Case No. 16-CV-0226-CVE-FHM
OPINION AND ORDER
Now before the Court is Defendant's Motion for Attorneys' Fees and Costs (Dkt. # 91). Defendant Summit Drilling Company, Inc. (Summit) asks the Court for an order directing plaintiff BDI, LLC (BDI) and/or its counsel to pay Summit's attorney fees and costs incurred in this litigation pursuant to Federal Rule of Civil Procedure 11, 28 U.S.C. § 1927, and the Court's inherent power to impose sanctions. BDI responds that defendant has failed to comply with Rule 11's safe harbor provision and its motion is untimely under Rule 54(d). Dkt. # 92. Summit replies that it is not asking for attorney fees pursuant to Rule 54 and, even if it has failed to comply with Rule 11, the Court may grant its motion under § 1927 or its inherent power. Dkt. # 95.
Summit is a drilling company that BDI hired in 2014 to drill an oil well in Richardson County, Nebraska. Dkt. # 55-1, at 1. The parties entered into a standard drilling contract created by the International Association of Drilling Contractors (Drilling Bid Proposal and Footage Drilling Contract - U.S. # 14-2114, revised 2003). See id. The contract provides that:
When operating on a Daywork Basis, [Summit] . . . assumes only the obligations and liabilities stated herein as being applicable during Daywork operations. Except for such obligations and liabilities specifically assumed by [Summit], [BDI] shall be solely responsible and assumes liability for all consequences of operations by both parties while on a Daywork Basis, including results and all other risks or liabilities incurred in or incident to such operations.Dkt. # 55-1, at 1 (emphasis omitted). The contract also specifies that "[i]n the event the hole should be lost or damaged, while [Summit] is working on a Daywork Basis, [BDI] shall be solely responsible for such damage to or loss of the hole . . . ." Id. at 4. Additionally, the contract states that:
it is the intent of the parties hereto that all releases, indemnity obligations and/or liabilities assumed by such parties under terms of this Contract . . . be without limit and without regard to the cause or causes thereof, including but not limited to . . . any theory of tort, breach of contract, fault, the negligence of any degree or character, . . . or any other theory of legal liability.Id. at 5.

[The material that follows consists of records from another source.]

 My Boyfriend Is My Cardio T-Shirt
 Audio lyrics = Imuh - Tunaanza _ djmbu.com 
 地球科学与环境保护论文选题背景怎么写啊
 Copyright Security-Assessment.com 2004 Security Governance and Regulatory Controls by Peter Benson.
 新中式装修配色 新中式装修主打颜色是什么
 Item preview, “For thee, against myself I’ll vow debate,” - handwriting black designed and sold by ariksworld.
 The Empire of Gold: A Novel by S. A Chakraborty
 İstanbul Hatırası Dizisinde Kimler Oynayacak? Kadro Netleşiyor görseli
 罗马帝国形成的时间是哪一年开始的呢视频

Summit drilled the well to the depth set out in the contract, but BDI determined that it was likely unproductive and asked defendant to plug the well. Dkt. # 55, at 5; Dkt. # 76, at 5. Approximately a year later, BDI hired a different drilling company to re-open the well by performing a washdown, a procedure for opening a plugged well by drilling through the cement plugs. Dkt. # 55, at 2 & n.1. After drilling through the upper cement plug, the drilling company hit an object that prevented further drilling. Dkt. # 55-2, at 33. After hitting the object, BDI president Mark Crawford sent a text message to Summit employee Scott Miller informing him of BDI's attempted washdown of the well and asking if Miller knew anything about a metal object left in the well. Id. Miller responded:
I understand. I will ask. Shouldn't be anything down that hole other than cement!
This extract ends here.